2018 Kia Niro PHEV
This subcompact crossover helps take plug-ins mainstream.
By Cherise Threewitt, Contributor, Car-ED.com | August 2018
What is this vehicle?
The Niro is a subcompact SUV that was added to the Kia lineup for 2017. The first Niro to roll out featured a super efficient hybrid powertrain, and this year, Kia added the PHEV plug-in hybrid model to the Niro family. There isn’t anything quite like the Niro PHEV on the market right now, but it’s fair to expect that rivals might follow suit in the near future as small crossovers continue to dominate the market and automakers invest more in electric and hybrid technology. The Niro is an affordable and practical path to better efficiency.
Who is this vehicle for?
Take a look at the Niro PHEV if you want a new, modern subcompact crossover with great technology features and excellent efficiency. The Niro does have some drawbacks, namely that it is not available with all-wheel drive and that it isn’t especially fun or interesting to drive. However, if those factors don’t matter to you, the Niro PHEV could be a very good choice for a subcompact SUV or crossover. Furthermore, not all potential buyers will necessarily see a benefit from the plug-in hybrid drivetrain, because the hybrid Niro is already super efficient.
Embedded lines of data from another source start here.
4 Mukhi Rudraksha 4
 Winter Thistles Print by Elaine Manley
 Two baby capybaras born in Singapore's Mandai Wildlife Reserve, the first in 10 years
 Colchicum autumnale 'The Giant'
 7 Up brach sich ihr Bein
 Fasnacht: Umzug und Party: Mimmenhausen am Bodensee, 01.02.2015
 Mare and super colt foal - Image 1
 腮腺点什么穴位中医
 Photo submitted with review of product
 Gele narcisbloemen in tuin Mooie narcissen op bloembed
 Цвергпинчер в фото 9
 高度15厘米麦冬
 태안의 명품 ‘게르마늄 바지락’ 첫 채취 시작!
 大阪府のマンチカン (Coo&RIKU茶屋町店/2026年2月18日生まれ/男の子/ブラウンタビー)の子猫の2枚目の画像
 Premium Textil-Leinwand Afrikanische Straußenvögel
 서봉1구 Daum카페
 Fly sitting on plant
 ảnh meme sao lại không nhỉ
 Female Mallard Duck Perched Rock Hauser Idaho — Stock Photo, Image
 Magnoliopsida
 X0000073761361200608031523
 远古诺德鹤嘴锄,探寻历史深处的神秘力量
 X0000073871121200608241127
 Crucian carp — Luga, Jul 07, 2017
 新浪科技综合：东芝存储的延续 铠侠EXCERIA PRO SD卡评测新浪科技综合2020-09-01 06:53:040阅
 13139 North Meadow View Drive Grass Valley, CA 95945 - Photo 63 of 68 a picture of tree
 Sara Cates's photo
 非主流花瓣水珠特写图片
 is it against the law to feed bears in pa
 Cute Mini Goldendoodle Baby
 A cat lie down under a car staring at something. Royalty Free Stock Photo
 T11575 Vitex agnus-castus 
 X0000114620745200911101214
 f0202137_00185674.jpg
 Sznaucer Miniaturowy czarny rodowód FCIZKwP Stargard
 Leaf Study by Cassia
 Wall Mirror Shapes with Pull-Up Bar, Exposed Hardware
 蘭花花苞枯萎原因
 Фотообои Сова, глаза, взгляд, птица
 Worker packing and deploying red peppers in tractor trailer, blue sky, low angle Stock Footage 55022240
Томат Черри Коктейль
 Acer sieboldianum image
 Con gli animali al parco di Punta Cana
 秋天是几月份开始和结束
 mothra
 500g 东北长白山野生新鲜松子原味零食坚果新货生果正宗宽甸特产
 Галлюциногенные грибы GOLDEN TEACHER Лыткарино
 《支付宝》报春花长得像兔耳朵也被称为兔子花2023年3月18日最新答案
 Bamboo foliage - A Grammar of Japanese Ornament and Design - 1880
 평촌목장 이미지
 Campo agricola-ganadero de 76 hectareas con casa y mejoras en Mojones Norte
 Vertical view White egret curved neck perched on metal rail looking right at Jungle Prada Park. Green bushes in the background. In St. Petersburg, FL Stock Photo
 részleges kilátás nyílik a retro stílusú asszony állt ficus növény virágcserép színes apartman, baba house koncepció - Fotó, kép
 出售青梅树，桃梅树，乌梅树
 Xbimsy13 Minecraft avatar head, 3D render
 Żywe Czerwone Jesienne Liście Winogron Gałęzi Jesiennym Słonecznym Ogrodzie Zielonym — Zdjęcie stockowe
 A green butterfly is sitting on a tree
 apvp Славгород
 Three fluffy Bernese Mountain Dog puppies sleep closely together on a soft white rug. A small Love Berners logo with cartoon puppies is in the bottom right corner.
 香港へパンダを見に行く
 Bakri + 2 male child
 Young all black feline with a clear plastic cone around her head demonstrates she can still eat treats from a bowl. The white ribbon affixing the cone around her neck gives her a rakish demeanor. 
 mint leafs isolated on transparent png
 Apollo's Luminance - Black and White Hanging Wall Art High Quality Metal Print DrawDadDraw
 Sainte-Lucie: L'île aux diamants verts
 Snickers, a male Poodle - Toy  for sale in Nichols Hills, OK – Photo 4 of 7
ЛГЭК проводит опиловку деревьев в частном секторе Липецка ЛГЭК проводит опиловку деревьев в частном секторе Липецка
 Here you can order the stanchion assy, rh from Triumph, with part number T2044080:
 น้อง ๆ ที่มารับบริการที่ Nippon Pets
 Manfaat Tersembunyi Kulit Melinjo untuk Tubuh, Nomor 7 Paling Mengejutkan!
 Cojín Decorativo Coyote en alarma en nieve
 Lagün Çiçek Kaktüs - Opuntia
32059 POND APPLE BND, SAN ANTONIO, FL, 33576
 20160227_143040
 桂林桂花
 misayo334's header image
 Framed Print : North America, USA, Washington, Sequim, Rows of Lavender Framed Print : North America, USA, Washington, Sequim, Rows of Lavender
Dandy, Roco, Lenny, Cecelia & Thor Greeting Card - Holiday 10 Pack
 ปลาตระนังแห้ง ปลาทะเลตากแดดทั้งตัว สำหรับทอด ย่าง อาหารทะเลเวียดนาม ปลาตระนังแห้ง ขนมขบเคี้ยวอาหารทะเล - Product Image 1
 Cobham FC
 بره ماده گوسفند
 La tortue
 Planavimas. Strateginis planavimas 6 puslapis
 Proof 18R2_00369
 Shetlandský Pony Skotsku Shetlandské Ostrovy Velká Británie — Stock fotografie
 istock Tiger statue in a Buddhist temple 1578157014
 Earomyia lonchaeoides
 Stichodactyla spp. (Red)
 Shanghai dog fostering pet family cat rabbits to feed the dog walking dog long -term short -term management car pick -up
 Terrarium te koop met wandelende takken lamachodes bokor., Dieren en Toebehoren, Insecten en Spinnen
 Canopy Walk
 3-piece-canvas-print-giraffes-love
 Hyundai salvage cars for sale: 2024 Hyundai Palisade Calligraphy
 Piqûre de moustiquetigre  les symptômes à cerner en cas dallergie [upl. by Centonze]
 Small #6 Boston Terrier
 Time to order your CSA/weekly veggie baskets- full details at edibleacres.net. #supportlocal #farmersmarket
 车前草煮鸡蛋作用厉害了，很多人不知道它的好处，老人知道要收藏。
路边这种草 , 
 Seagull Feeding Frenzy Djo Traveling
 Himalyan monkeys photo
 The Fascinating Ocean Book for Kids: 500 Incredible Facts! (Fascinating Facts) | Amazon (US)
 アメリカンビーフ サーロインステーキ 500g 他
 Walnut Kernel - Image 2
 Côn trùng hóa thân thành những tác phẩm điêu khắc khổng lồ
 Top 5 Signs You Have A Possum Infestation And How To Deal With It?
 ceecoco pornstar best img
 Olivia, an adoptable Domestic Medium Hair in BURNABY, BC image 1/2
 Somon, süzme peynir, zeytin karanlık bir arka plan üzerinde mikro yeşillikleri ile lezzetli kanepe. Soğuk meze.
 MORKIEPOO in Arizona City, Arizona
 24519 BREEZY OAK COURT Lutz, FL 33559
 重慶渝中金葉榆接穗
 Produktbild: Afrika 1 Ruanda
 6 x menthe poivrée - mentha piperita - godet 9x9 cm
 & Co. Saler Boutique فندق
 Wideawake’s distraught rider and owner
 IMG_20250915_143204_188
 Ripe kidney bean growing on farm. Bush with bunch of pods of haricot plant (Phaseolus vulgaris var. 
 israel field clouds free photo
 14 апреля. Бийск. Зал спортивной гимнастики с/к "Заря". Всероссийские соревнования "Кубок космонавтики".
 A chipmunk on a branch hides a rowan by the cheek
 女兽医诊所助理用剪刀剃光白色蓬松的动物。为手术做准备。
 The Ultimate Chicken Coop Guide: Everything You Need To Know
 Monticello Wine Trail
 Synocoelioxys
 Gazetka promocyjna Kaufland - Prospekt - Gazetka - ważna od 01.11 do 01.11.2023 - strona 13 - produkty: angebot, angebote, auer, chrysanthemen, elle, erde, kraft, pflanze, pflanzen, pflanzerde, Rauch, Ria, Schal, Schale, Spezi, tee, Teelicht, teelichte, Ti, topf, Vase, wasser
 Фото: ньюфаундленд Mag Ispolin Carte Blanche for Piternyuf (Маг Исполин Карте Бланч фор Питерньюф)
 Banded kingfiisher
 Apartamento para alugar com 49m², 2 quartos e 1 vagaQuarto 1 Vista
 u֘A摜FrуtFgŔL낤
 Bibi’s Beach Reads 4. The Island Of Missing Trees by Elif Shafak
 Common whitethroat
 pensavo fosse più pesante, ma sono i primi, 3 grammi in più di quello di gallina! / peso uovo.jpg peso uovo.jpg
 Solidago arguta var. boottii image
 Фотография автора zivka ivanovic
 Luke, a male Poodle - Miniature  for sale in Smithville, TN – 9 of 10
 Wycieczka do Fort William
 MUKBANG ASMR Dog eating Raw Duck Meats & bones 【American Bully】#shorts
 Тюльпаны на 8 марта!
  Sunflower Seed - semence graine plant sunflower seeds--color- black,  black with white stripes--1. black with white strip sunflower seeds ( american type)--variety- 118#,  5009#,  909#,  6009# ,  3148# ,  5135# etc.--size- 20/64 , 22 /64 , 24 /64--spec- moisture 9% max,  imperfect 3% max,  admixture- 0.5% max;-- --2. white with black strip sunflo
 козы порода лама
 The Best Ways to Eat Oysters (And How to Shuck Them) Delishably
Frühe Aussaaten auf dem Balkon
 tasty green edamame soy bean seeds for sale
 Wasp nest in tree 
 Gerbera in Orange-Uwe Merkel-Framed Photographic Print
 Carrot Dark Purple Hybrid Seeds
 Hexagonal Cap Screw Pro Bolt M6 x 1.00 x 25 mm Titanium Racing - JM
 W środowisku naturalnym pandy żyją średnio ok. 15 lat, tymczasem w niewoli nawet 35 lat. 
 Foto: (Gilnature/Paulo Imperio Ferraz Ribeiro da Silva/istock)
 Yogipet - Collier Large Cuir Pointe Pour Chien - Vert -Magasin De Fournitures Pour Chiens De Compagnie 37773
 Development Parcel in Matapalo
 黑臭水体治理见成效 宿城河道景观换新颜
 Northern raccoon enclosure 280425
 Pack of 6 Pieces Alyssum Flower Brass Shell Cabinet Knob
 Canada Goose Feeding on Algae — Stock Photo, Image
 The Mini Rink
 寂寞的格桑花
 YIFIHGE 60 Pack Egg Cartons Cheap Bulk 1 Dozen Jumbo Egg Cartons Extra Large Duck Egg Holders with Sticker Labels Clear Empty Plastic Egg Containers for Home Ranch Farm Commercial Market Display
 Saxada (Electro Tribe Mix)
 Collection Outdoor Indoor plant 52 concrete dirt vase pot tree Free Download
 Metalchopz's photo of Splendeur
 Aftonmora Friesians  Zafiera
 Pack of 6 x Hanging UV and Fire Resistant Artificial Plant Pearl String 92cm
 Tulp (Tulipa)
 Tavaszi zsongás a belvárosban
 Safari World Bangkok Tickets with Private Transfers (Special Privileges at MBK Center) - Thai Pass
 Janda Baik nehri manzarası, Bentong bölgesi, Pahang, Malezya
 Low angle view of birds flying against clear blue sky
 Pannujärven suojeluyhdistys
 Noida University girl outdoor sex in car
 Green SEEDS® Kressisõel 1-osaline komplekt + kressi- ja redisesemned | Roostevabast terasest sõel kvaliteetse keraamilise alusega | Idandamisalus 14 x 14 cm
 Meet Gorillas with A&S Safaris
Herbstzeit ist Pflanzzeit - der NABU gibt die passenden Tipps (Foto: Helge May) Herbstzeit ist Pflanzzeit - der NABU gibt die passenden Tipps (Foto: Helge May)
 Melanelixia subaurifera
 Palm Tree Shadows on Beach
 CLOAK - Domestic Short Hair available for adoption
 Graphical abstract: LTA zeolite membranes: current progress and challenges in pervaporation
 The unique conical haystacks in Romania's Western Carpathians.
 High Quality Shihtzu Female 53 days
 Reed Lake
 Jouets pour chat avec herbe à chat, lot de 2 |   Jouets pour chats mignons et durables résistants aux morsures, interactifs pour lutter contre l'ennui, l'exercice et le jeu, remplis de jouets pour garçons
Why is this vehicle important to you, the buyer?
Plug-in hybrid vehicles are becoming more commonplace, and we can certainly expect that trend to continue. The Niro PHEV is an important addition to the market because it is a good choice for people who want a vehicle that blends in. That is to say, unlike many of the plug-in hybrid vehicles already on the market, the Kia Niro does not call attention to itself with polarizing styling or obnoxious marketing. Though the base Niro is a good choice for an efficient vehicle, the PHEV model adds 26 miles of all-electric range on a full charge.
Interesting facts about this vehicle!
The Kia Niro PHEV comes with the same powertrain as the base Niro, a 1.6-liter four-cylinder engine paired to an electric motor, good for 139 horsepower. The Niro PHEV can also travel up to 26 miles on a charge.
The Niro PHEV’s cluster has a lot going on. It provides instant feedback about your driving style (Economical, Normal, and Aggressive, with percentages for each). It also shows whether the vehicle is currently in Charge, Eco, or Power mode, which will help you learn how to drive more efficiently.
The Niro is rated for 52 mpg city and 49 mpg highway, but our real-world use fell a little short of that. Our average, over the course of a week of city and highway driving, was 45.2 mpg, even though our driving ratings were about evenly split over Economical and Normal ratings, with just 2% Aggressive over that time period.
What Impressed Us / Top Likes:
The Kia Niro’s interior is really similar to the Hyundai Kona — no surprise there, and not a bad thing. We loved the blue trim (which also made an appearance on the vehicle’s exterior) and the blue steering wheel stitching.
The acceleration is great, and it’s surprising that the vehicle is running efficiently even when you feel like you’re really pushing it hard. Despite constantly accelerating hard off the line, our “aggressive” rating ended up at only 2 percent by the end of the week.
Even though there was a lot of real-time information in the display, it was presented in a way that was easy to see and understand.
Items to Make Better (Least Favorite Things):
First, it should be mentioned that we tested the Niro immediately after spending a week with the Hyundai Kona, and while, yes, they are different vehicles, it’s almost impossible to avoid drawing comparisons. One major example is that, while the Kona feels fairly sporty, the Niro has a noticeable lack of steering feedback. It would actually feel pretty sporty if the steering was tighter. Sure, Kia probably isn’t going for sporty here, but the drivability would benefit from more responsive steering, regardless.
Though we liked the interior overall, we weren’t crazy about the off-white upholstery in our test vehicle. It was high quality and looked nice… but we can’t help but wonder how long that will last.
Segment and Competitors:
The Kia Niro PHEV competes against other affordable subcompact crossovers, though few can match the Niro’s efficiency. The Niro will face some tough competition from the upcoming Hyundai Kona EV, however. Other notable competitors include:
- Honda HR-V
- Subaru Crosstrek
- Mazda CX-3
- Toyota RAV4
- Nissan Rogue Sport
- Buick Encore
Hesitant about buying a plug-in hybrid vehicle? The Kia Niro’s best-in-class warranty coverage should help ease your mind. The Niro is backed by a a five-year/60,000-mile limited warranty and a 10-year/100,000-mile limited powertrain warranty. In addition, some of the hybrid components get a 10-year/100,000-mile warranty.
Pricing and Availability:
MSRP starts at $23,240 for the Kia Niro and $31,500 for the Kia Niro EX PHEV. The EX is a mid-tier trim level with lots of standard equipment, hence the significant jump in price between the base model and the PHEV. The Kia Niro PHEV is available now.